Rrose: Plays James Tenney: Having Never Written A Note For Percussion (LP, Further, May 2015)


Minimalist composer James Tenney (an early member of the Philip Glass Ensemble) wrote Koan: Having Never Written A Note For Percussion for experimental percussionist John Bergamo in 1971. It is for a percussion instrument (he doesn't specify which) and consists of a single note, initially quadruple-pianissimo, then with a crescendo to a quadruple-fortissimo, then with a diminuendo back to quadruple-pianissimo. This note should be "very long". (The score is helpfully included on a slip of paper in the sleeve of this record.) And people think that the Pixies invented that quiet-loud-quiet thing...

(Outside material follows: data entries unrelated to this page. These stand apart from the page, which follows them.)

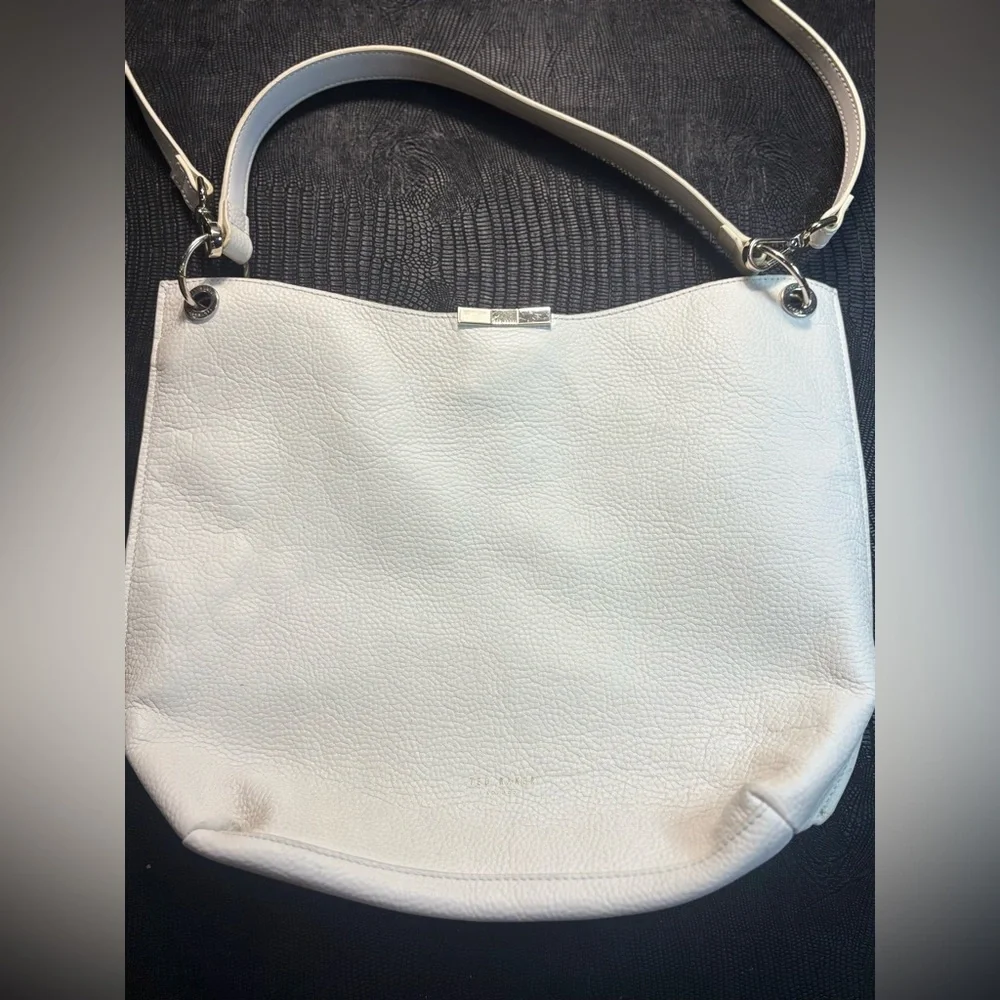 White Leather Ted Baker Crossbody Purse - Picture 4 of 11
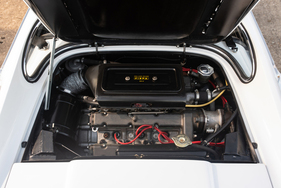 Quer eingebauter 65-Grad-V6 für kürzeren Radstand und bessere Gewichtsverteilung. Gut zu sehen ist die starke Krümmung der Heckscheibe.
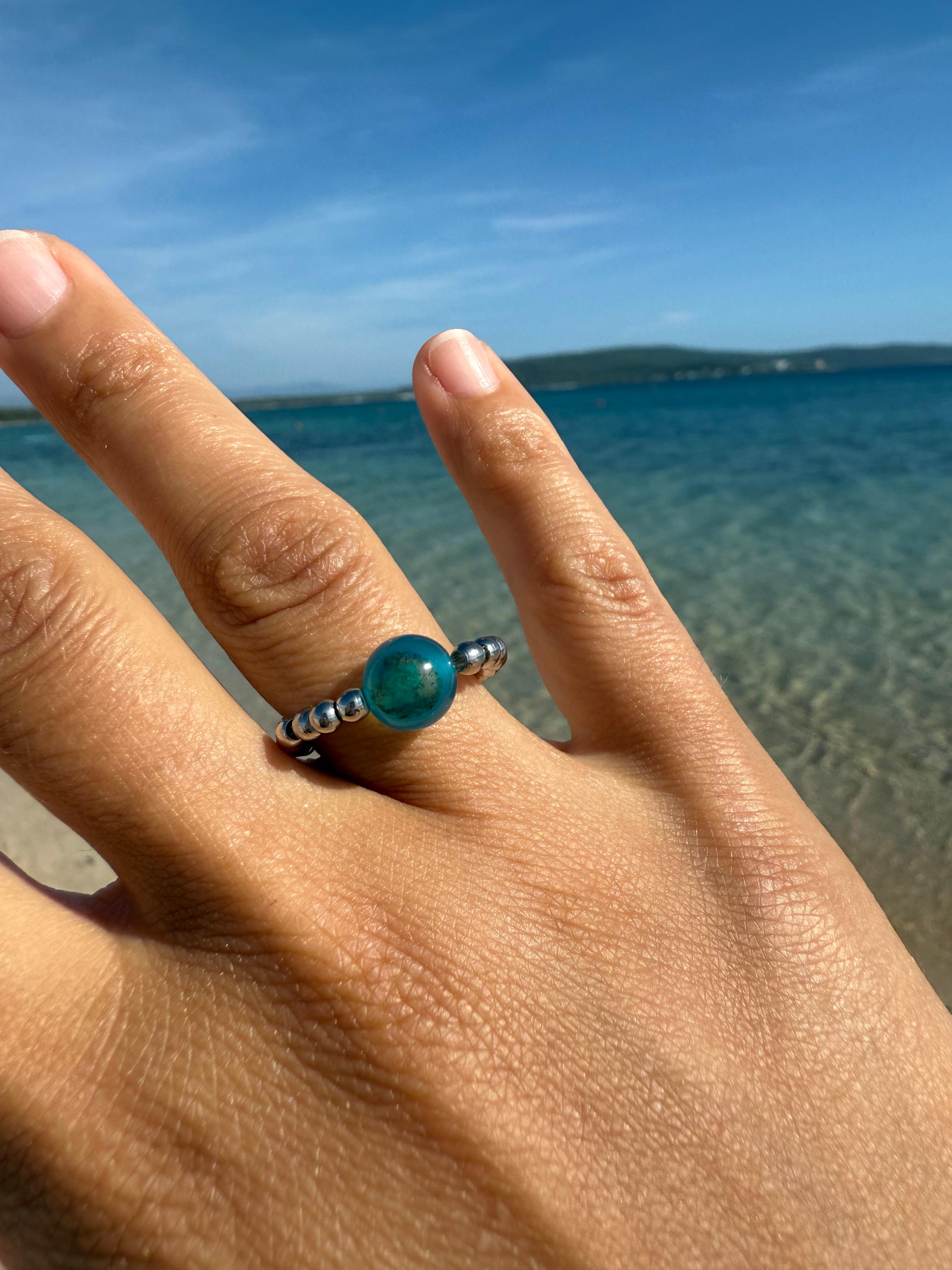 Anello fotografato in luce estiva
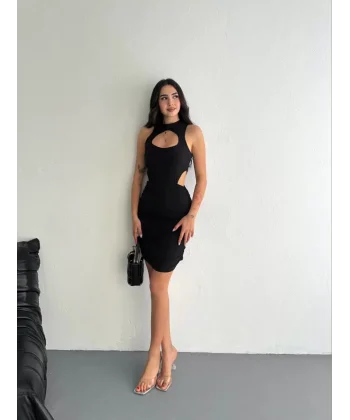 Göğüs ve Yanlar dekolteli Kolsuz Boy Elbise - Siyah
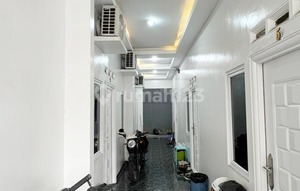 HOT DEALS! OMSET 979 JT/THN Hampir 1 M ROI 11-12% Kost Eksklusif 34 Kamar Full Occupancy Aset Padat Sewa di Tomang Dekat UNTAR, Perkantoran, Perbankan, Central Park, Akses Jln 2 Mobil di lewati Jak Lingko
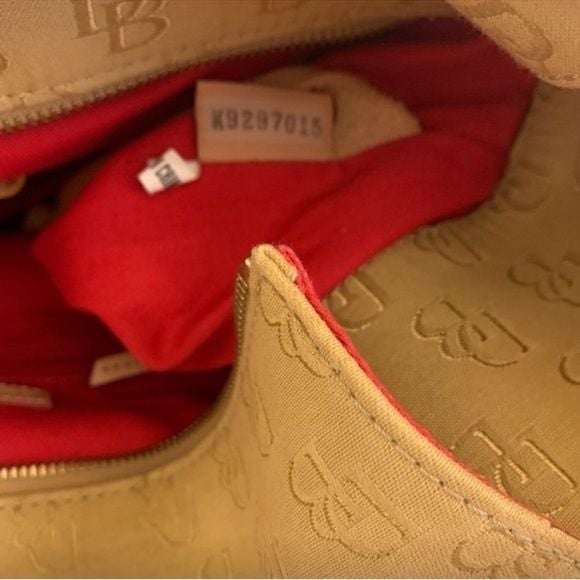 Vintage Y2K Dooney & Bourke tan and brown canvas signature hobo Shoulder Bag 9
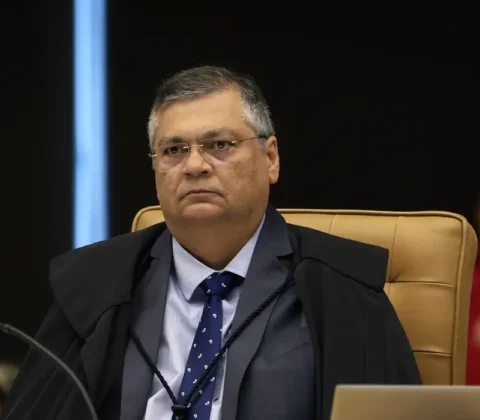Imagem do post Dino manda divulgar CPF de quem ganha salário via emendas para saúde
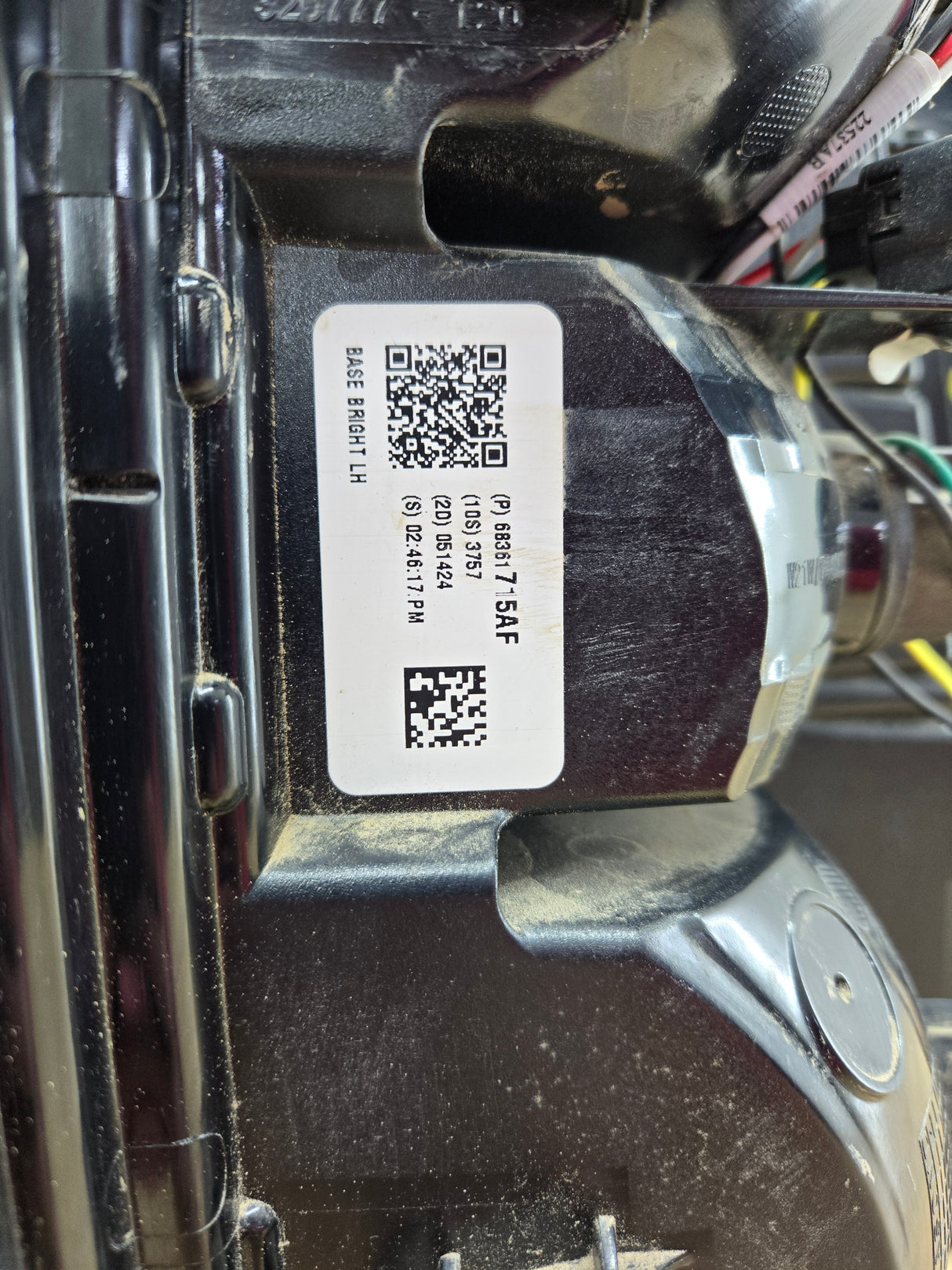 2019-2024 5th Gen Dodge Ram 2500 3500 LH Driver Side Tail Light Halogen 68361715AF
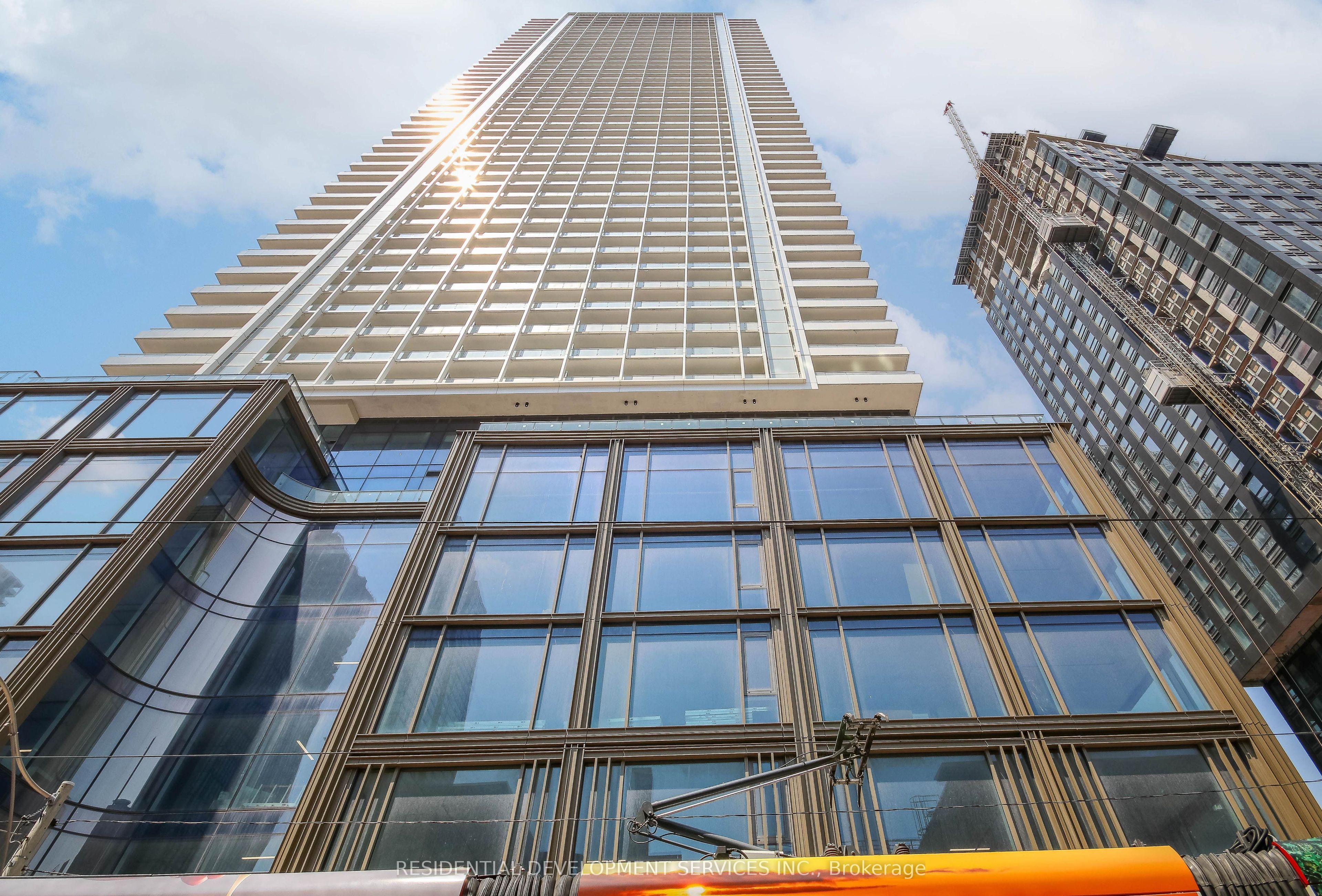 88 Queen Street 3310, Toronto, ON M5C 0B6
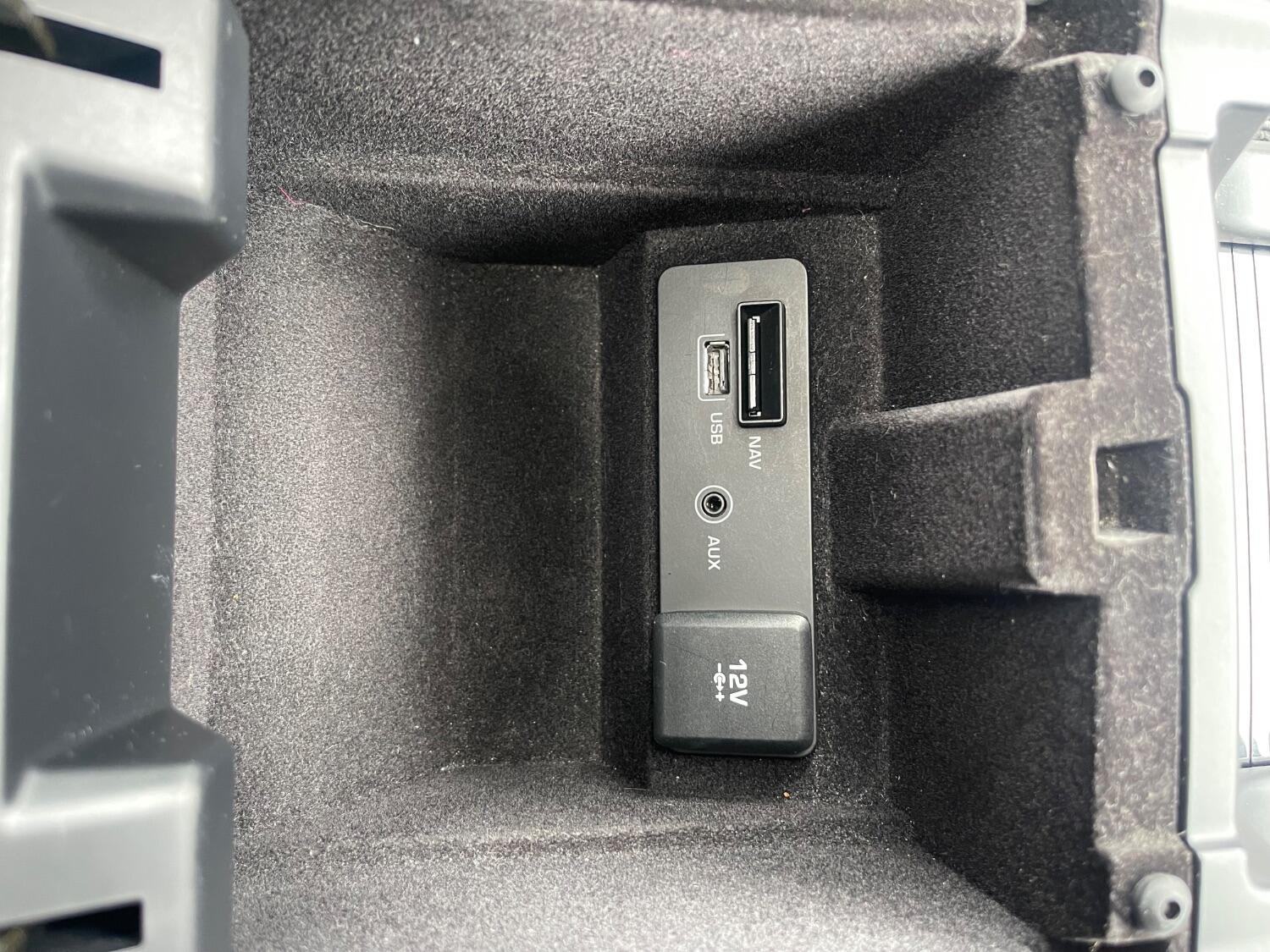 Used Land Rover Discovery Sport 2019 for sale - 76794400: Photo 31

This record contains two fascinating performances on a gong by left-field techno adventurer Rrose. The A-side is a studio version, just over 27 minutes and utterly engrossing: I can get totally lost listening to the resonances build up and new sounds start emerging and interacting with each other. This is, I'm pretty sure, the closest I've ever come to a gong bath on vinyl. The B-side is a 30-minutes live recording in the abandoned trolley-bus station beneath Washington D.C.'s Dupont Circle. The effect is quite different, you can hear the interaction between the instrument and the environment and there are some quite loud clanking noises presumably from people moving around in the cavernous-sounding hall. It's also pretty fascinating, and both by itself and as a companion piece... I think I slightly prefer the purity of the studio version, with its intimate, intense, and disintermediated relationship between the instrument and the listener.

I bought this from Boomkat. They call it Electronic, which is just crazy-talk.